EXERCISE DETAILS.
Locate every line in the records below that holds the word "Western" and return each one.

EXERCISE DATA.

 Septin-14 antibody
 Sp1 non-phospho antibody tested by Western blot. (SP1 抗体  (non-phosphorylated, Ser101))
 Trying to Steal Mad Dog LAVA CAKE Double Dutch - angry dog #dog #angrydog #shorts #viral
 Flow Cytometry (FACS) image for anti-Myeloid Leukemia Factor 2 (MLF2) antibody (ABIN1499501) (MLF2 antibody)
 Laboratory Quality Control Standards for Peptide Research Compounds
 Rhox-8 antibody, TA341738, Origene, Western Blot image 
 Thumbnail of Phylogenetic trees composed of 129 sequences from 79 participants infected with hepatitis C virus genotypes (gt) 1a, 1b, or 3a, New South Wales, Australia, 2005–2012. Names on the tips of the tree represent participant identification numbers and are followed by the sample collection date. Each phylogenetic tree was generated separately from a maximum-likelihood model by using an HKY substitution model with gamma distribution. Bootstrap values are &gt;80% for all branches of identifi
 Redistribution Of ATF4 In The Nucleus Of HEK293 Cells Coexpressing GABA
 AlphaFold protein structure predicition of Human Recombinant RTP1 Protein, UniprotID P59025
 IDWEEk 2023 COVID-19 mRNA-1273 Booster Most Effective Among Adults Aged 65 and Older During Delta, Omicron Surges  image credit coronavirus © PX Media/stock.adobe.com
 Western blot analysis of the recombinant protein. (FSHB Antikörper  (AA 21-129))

==

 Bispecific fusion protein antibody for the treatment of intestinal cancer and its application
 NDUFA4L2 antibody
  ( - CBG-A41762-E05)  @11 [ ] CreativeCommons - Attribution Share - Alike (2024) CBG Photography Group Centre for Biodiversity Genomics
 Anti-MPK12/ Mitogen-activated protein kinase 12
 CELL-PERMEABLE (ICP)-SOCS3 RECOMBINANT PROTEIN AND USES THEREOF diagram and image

TASK RESULT.
 Sp1 non-phospho antibody tested by Western blot. (SP1 抗体  (non-phosphorylated, Ser101))
 Rhox-8 antibody, TA341738, Origene, Western Blot image 
 Western blot analysis of the recombinant protein. (FSHB Antikörper  (AA 21-129))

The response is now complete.